#### Raw data ####
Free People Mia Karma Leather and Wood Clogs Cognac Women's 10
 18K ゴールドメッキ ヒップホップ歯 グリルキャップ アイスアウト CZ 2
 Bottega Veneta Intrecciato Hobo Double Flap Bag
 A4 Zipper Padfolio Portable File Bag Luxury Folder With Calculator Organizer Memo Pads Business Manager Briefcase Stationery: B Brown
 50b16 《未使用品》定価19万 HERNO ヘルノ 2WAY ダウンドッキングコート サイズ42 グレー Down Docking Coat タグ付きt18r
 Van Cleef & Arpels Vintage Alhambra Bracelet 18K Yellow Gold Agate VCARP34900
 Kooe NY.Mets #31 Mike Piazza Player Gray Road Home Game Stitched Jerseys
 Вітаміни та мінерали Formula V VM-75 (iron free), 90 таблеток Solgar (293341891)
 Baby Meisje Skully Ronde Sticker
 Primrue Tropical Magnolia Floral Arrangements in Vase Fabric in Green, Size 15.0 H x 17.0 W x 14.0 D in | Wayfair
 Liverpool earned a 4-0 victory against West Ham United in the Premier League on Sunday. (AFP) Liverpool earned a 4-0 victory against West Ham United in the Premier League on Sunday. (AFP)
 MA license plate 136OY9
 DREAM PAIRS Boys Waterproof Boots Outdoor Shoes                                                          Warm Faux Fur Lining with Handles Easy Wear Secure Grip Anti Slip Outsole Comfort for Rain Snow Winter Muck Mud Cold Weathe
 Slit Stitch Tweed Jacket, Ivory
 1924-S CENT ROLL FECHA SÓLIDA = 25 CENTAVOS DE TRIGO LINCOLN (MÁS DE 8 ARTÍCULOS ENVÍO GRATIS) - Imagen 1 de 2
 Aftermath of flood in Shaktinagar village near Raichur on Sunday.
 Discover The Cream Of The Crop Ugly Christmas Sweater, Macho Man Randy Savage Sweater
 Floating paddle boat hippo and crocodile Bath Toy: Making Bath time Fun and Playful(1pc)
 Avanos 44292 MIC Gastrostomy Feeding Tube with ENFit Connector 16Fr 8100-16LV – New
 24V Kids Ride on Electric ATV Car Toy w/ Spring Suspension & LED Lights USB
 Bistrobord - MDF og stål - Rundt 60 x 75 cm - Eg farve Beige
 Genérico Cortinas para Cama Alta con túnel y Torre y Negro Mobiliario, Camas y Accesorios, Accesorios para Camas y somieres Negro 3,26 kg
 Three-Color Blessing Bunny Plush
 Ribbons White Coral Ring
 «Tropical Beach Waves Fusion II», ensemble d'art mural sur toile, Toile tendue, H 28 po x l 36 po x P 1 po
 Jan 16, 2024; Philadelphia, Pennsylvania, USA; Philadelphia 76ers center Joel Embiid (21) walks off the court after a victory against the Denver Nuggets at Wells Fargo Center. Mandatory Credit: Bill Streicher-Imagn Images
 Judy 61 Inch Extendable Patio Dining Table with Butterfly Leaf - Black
####
- **Work order**
Return, word for word, every line from the top of the entries down to the line that holds "A4 Zipper Padfolio", both included.

- **Completed exercise**
Free People Mia Karma Leather and Wood Clogs Cognac Women's 10
 18K ゴールドメッキ ヒップホップ歯 グリルキャップ アイスアウト CZ 2
 Bottega Veneta Intrecciato Hobo Double Flap Bag
 A4 Zipper Padfolio Portable File Bag Luxury Folder With Calculator Organizer Memo Pads Business Manager Briefcase Stationery: B Brown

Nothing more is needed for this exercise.